I don’t remember much about what happened in the days afterward. All I knew was that Ace was always there, helping Mom with the funeral and celebration of life, holding my hand or sitting with me on the back steps, talking to Matt and playing games with him until late into the night. I never thought about who was there for him.

Everyone thought Matt would be the problem after Dad died, but as it turned out, it was me. I became completely untethered, vaping in the restrooms between classes, skipping lessons, hanging out with older kids after school. My marks went from straight As down to Ds and the principal arranged a meeting with Mom because she was worried I was going to fail.

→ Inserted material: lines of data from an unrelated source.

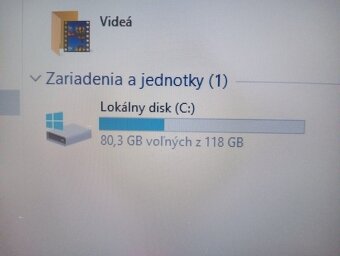 predám Dell Vostro / 6gb ram/ Intel core i3 /120gb ssd disk - 6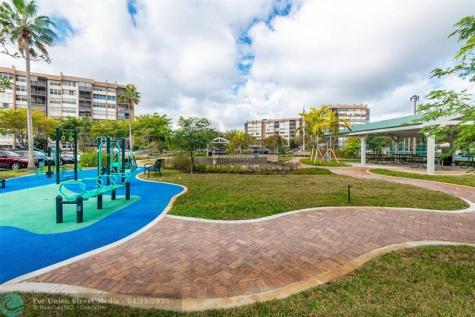 1000 Saint Charles Place Pembroke Pines FL 33026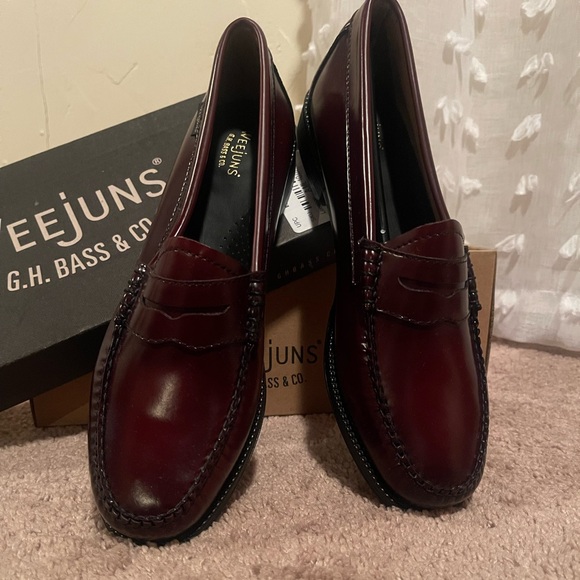 Ladies SZ 8.5 G.H. Bass Weejuns - Picture 4 of 6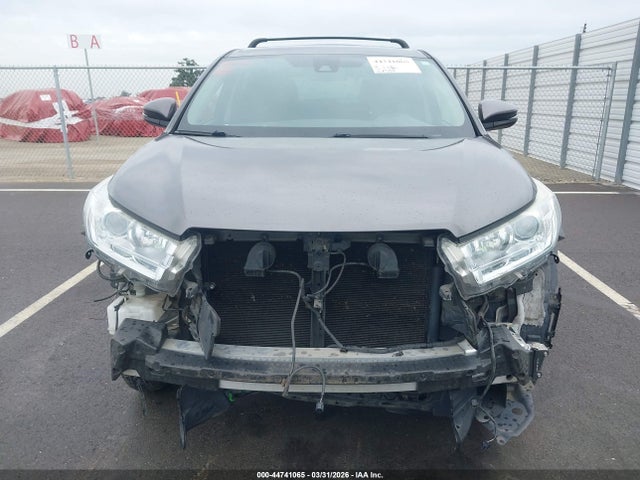 Toyota Highlander Le Plus 2017 5TDBZRFH3HS388284 Image 13
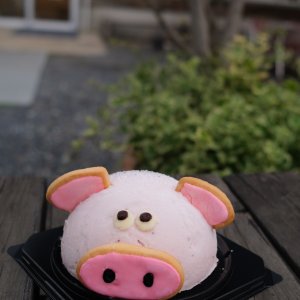 【アイスケーキ】ぶたさん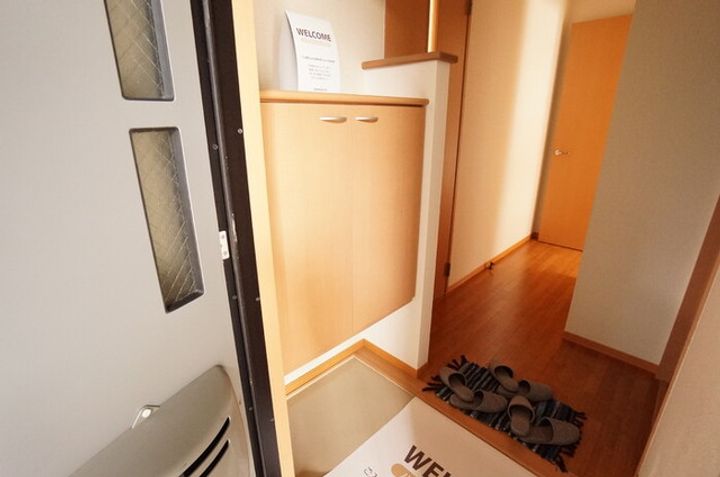 新潟県新潟市東区中木戸(アパート)の賃貸物件の玄関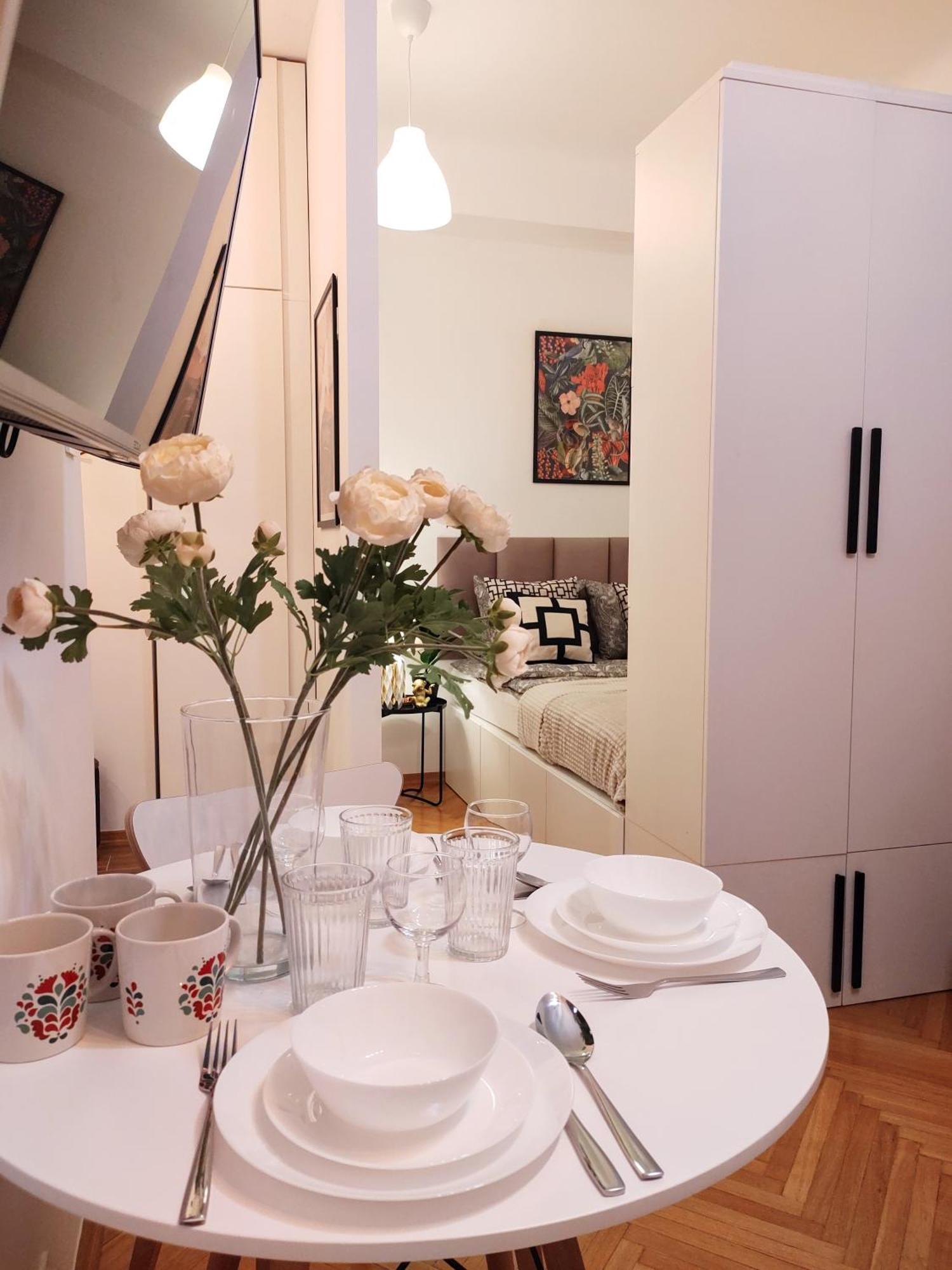 Day & Night By Cooee Apartments Varsovia Exterior foto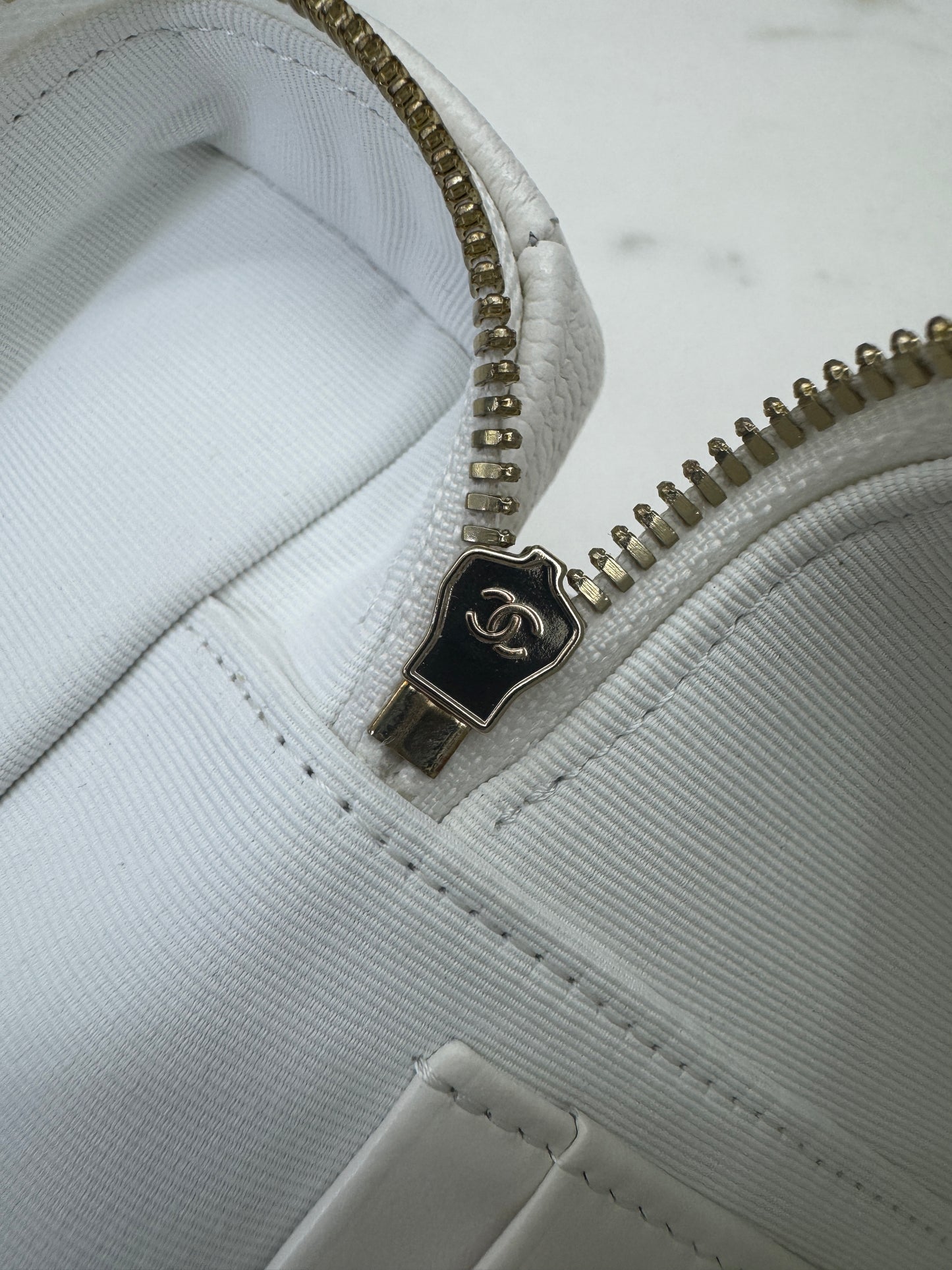 CHANEL 25C LP盒子包 白色 Vanity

“Have you considered counseling?” she asked Mom as I scrolled through my phone in her pristine modern office and tried to look bored.

“She won’t go.”

“How about her friends? Could she talk to them?” The principal seemed to have forgotten I was sitting right there.

Mom told her Paige had done everything she could to pull me out of my whirlpool of destruction. Mostly, she was concerned that I was staying out late every night with the wrong kind of kids. She didn’t seem to understand that I didn’t want to come home and see the empty kitchen and the hear the echo of my dad’s “baby girl” ringing in the house.

“She was close to Matt’s friend Ace, too,” Mom said. “But Ace hasn’t come around since the week after the funeral. Dave was like a father to him. He took the death very hard.”

“I had his grandmother in here the other day,” the principal said. “He hasn’t been coming to school either. It’s so sad. He’d already been through so much in his life, and he was doing so well.”